The right mixture of sun and breeze

Having just got back from Italy Billy MacInnes muses on how the channel is a bit like perfect summer weather

I have just returned from ten days in Italy where the sun beat down unrelentingly, making the very occasional thunderstorm a welcome relief, to the wet and wild environs of Donegal where the occasional burst of sunshine in what has been an unremittingly rain-drenched summer is greeted with delusional optimism that the good weather is finally upon us at last.

The space that separate these two very different versions of ’summer’ is no more than 2,072 km and just under three hours travel by plane.

In some respects, I think navigating such wide disparities in the weather in such a short distance is a bit like being a channel partner. For example, if you think of vendor hype about products and technology as promises of sunshine held out to a populace grown weary of looking out on too-dark rain-misty grey mornings and afternoons, then the role of channel partners is to ensure as much of that sunshine is provided as possible.

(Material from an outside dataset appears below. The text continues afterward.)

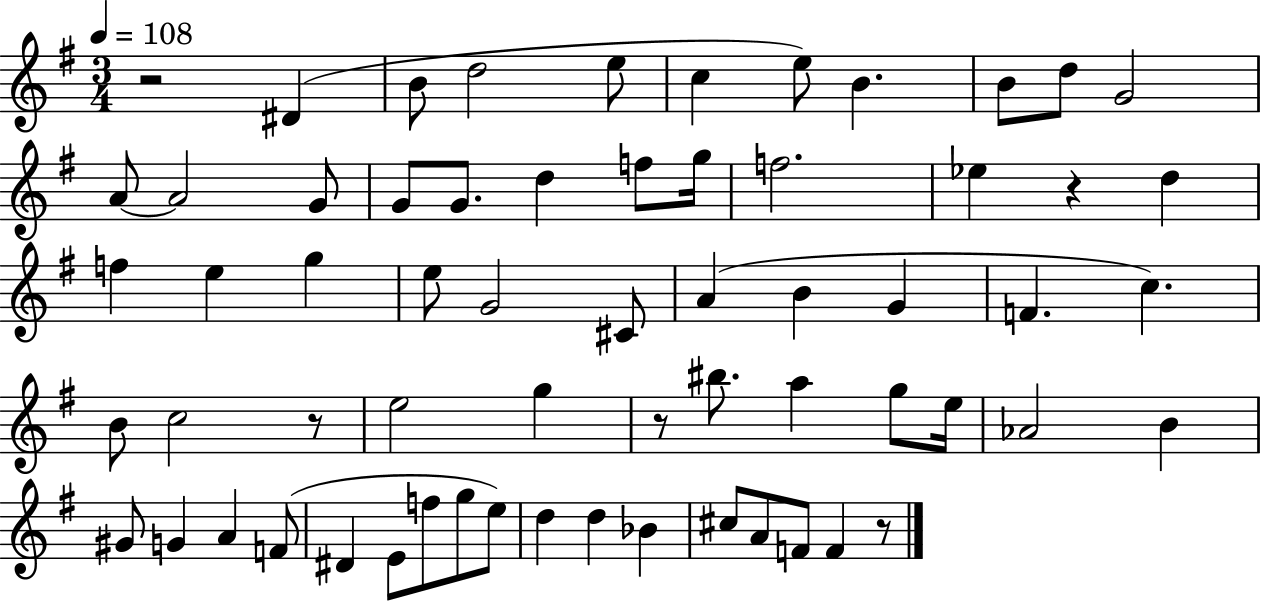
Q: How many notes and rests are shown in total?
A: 63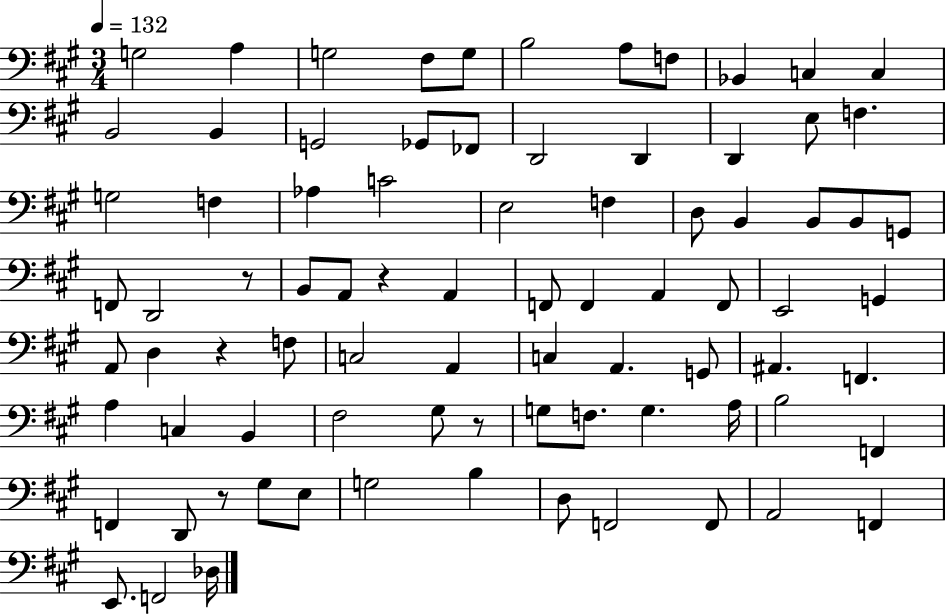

Similarly, if you picture customers as poor wretches wandering through a burning desert holding out their hands to the mirage of vendors promising cold running water and a constant cool breeze, then channel partners are there to try and ensure as much of the mirage becomes a reality as possible.

When channel partners get it right, it’s like giving people sweltering in Rome just the right amount of Donegal’s wind and rain or delivering the required amount of Rome’s sunshine and heat to the wet and shivering citizens of Donegal.

But the most important role channel partners play is in making sure customers get what they need to survive and thrive from vendors rather than what manufacturers think they should have so that vendors can survive and thrive. In other words, making sure their IT is not too hot or too cold but just right.

Meanwhile, for people like me surveying the lashing rain and howling wind here in Donegal, there is a grain of comfort to be taken from the fact that it’s still closer to Rome (2,072 km) than it is to the North Pole (3,935 km).